Measures that enact plastic bag bans have become common in localities across the country as a way to become more green and minimize the environmental impact of single-use plastic bags used in retail stores and supermarkets. But what if policies that discourage plastic bag use are actually bad for the environment?

That appears to be the conclusion of a government study in the United Kingdom that was meant to inform policymakers on this issue before enacting plastic bag policies, which shows that alternatives to plastic – like paper, cotton, and low-density polyethylene – have a worse environmental impact than single-use plastic bags. Though these results did not stop UK policymakers from proposing to extend policies to tackle today’s “throwaway culture,” they suggest that ideology and intentions may be behind plastic bag policies that are ineffective and have the opposite impact desired.

REPEAL IN A ROUNDABOUT WAY

Republicans’ failure to repeal and replace Obamacare with unified control of the federal government was a cause for anger and embarrassment, although Reason managing editor Peter Suderman argues in The New York Times that Republicans may “have succeeded anyway – just not in the manner they expected.” Suderman points to concrete steps such as Congress’s repeal of the individual mandate and the Medicare cost-control board as part of last year’s tax reform law, and the executive branch’s support of association health plans and limited-duration insurance. Yet, he notes that people who support market-driven health care, as opposed to those who want to amend health policy at the federal level by reforming Obamacare in their own image, are caught in a dynamic that cedes the “real debate about how health care should be financed, regulated and provisioned.”

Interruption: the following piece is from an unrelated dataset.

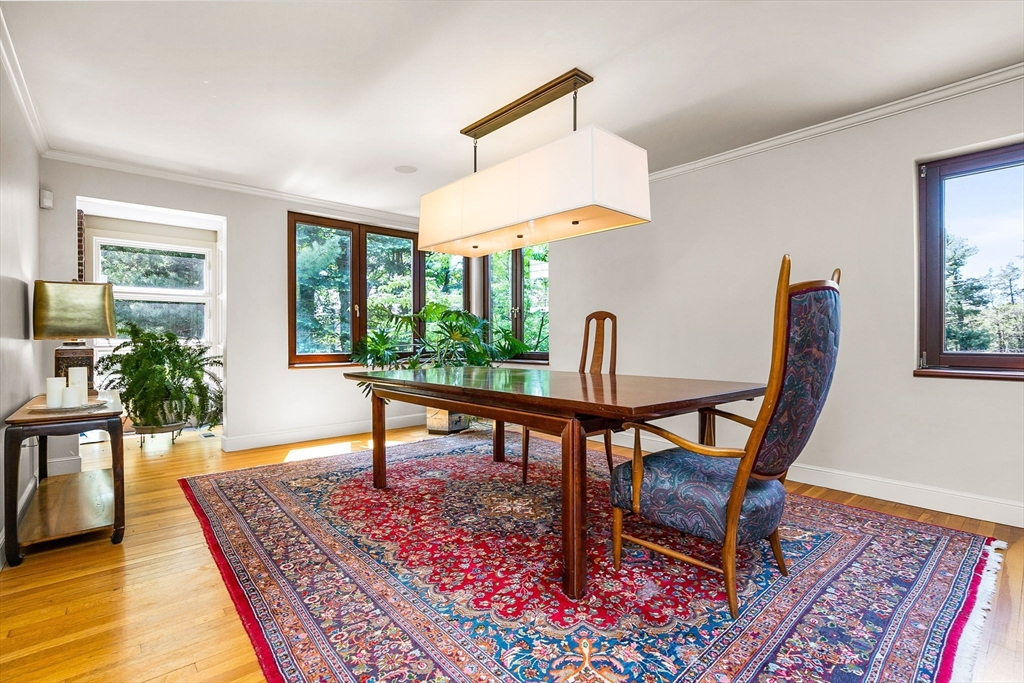 34 Lagrange St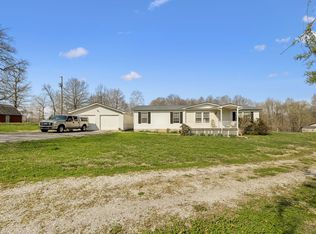 555 Wesley Chapel Rd, Sparta, TN 38583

The most plausible way to restore the debate to its crux may be through the courts. Several states are pursuing a lawsuit challenging Obamacare’s constitutionality after the individual mandate, which the Supreme Court ruled as constitutional only because the Court deemed it to be a tax rather than a questionable regulation of commerce, was repealed as part of tax reform. As such, this lawsuit may represent perhaps the final chance for actual full repeal of the 2010 law. Even if it fails, though, the foundational pieces of the law are crumbling, and the reforms underway may provide a path to a better, post-Obamacare future of care – that is, unless Republicans in Congress work to shore up the status quo.

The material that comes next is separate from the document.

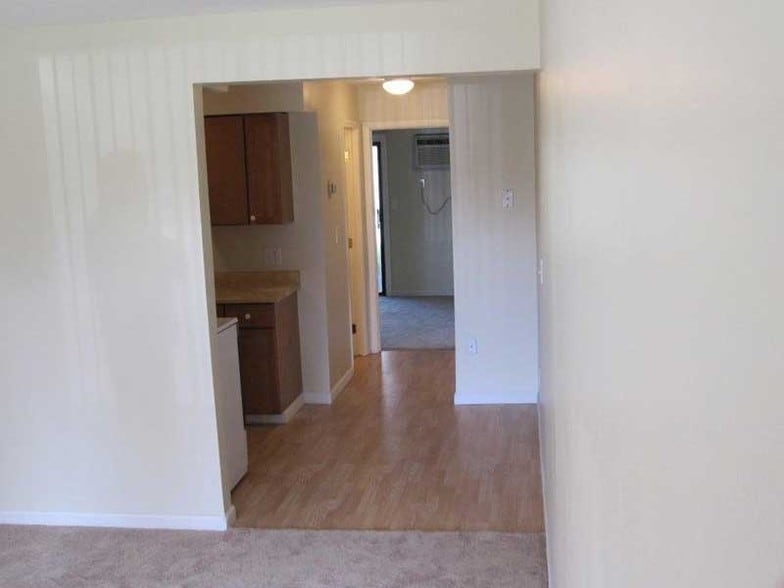 More Photos Of 4130 Oak Park Dr SE, Grand Rapids Apartments For Sale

FOCUSED RECRUITING OR DISCRIMINATION?

Is a company’s decision to focus on college campus recruiting discriminatory? Middle-aged accountants who applied to PricewaterhouseCoopers and were rejected believe so, suing the firm and alleging that its focus on college recruiting discriminates against older applicants. This case and others are endemic of a new legal battleground focused on age discrimination over hiring, rather than firing. The Communications Workers of America recently filed a class-action lawsuit against T-Mobile U.S., Amazon.com, and Cox Communications alleging that by using Facebook recruitment ads targeted by age, the firms were in violation of “the federal Age Discrimination Employment Act (ADEA), which protects individuals who are 40 years of age or older from employment discrimination based on age.”

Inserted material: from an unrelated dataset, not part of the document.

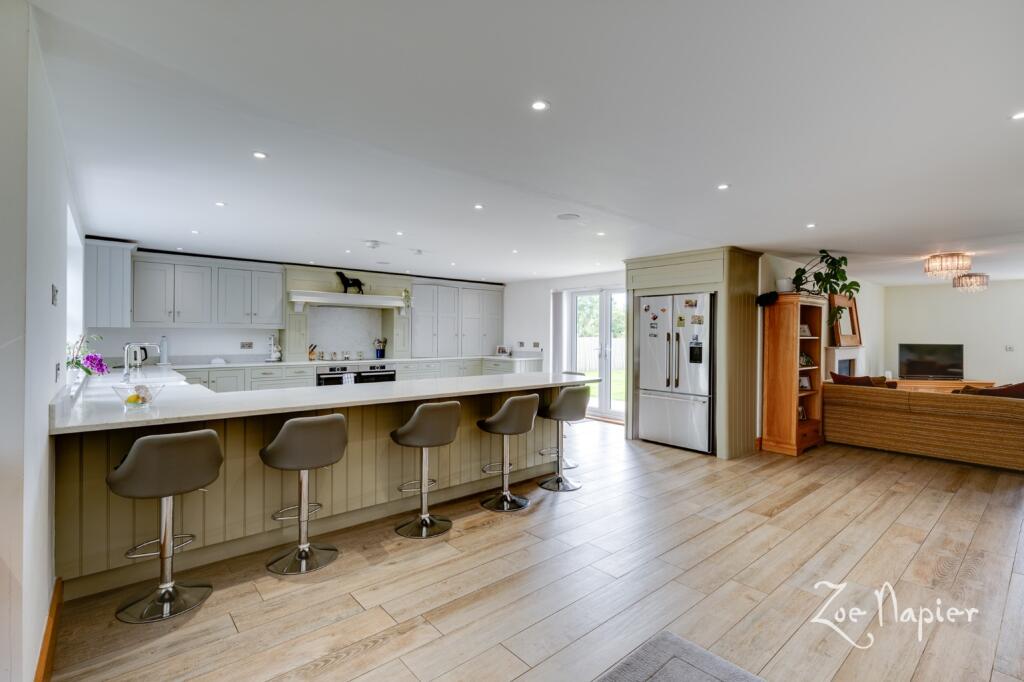 Additional image 5 of Moreton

Case precedent requires that plaintiffs prove that age was the decisive factor in their complaints, highlighting that companies will not only have to adapt to the new legal threat from increasingly common age discrimination litigation, but also the new political and reputational challenges that may result from the fallout from such allegations. As the judge in the PwC case asked, “How can I tell who is [recruiting on campus] for invidious reasons and who isn’t?” Firms will have to tread carefully, lest the court of public opinion decide for them.